The way MS is calculating is simple: two quads with 32bit color read and write (blending) and Z-stencil test and write with 4xMSAA at 500MHz.
2 * 4 * (4 + 4 [read] + 4 + 4 [write]) * 4 * 500M = 256GB/s
This however is a bit misleading on several levels. First, do they mean bandwidth between the two chips, or bandwidth from ROPs to memory like in "traditional" architectures? Presumably the former, but that isn't comparable to external memory bandwidth figures.
Assuming they mean bandwidth between the two chips...
color and Z data is never read across that connection, because only the ROPs need this data. For the same reason, stencil data is neither read nor written, because a fragment has no associated "stencil data", that only exists in the framebuffer.
Furthermore, color data is identical for all samples in a pixel and Z data can be encoded as gradient per quad. The only thing that's needed additionally for AA is a coverage mask.
So disabling blending, Z-test, Z-writes, stencil test, stencil writes, or AA practically "saves" no bandwidth - the connection can be considered a multitude of dedicated channels.
Overall, what is required per quad are 4* 32bit color, compressed Z (3 * 24bit at most) and 4* 4bit of coverage mask, meaning less or equal to 216bit per quad.

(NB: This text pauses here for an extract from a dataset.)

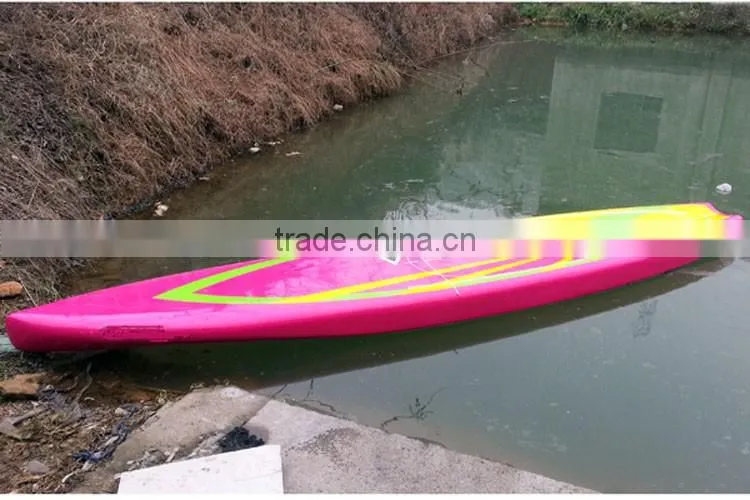 top selling best quality sup RACE stand up paddle boards for water sports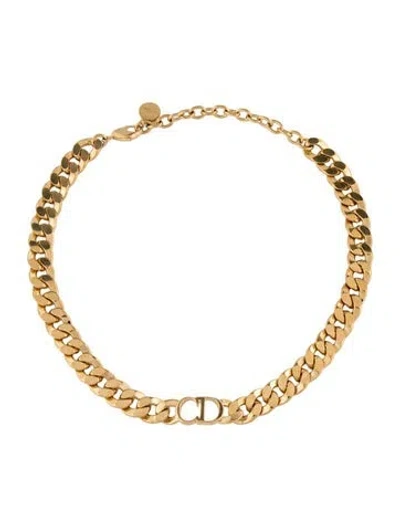 Pre-owned Dior Danseuse Étoile Choker Necklace, 17.25" In Multicolor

And since there may be two quads per clock with color, that's at most 432bit required for the connection between the two chips, which equals 27GB/s.
Assuming they mean bandwidth from ROPs to the memory array...
then 64bit (32bit color + 31bit Z/stencil + 1bit flag) need to be read and written per pixel. That means 512bit for reads and writes each are required, equalling 32GB/s for reads and 32GB/s for writes.
(That's the best case with no additional AA samples involved. If that happens, additional bandwidth to sample memory is required)
If you want to compare "effective bandwidth" figures, take a X850XTPE that has 6:1 color compression and 24:1 Z compression when 6xAA is enabled, which means 9.6:1 compression rate overall for the framebuffer. That's 362.5GB/s "effective" if you could use up all bandwidth for the framebuffer. And 256GB/s if 70% is used for framebuffer access.
P.S. don't take that last paragraph too seriously.
R480 can't even output that many compressible quads with 6xAA...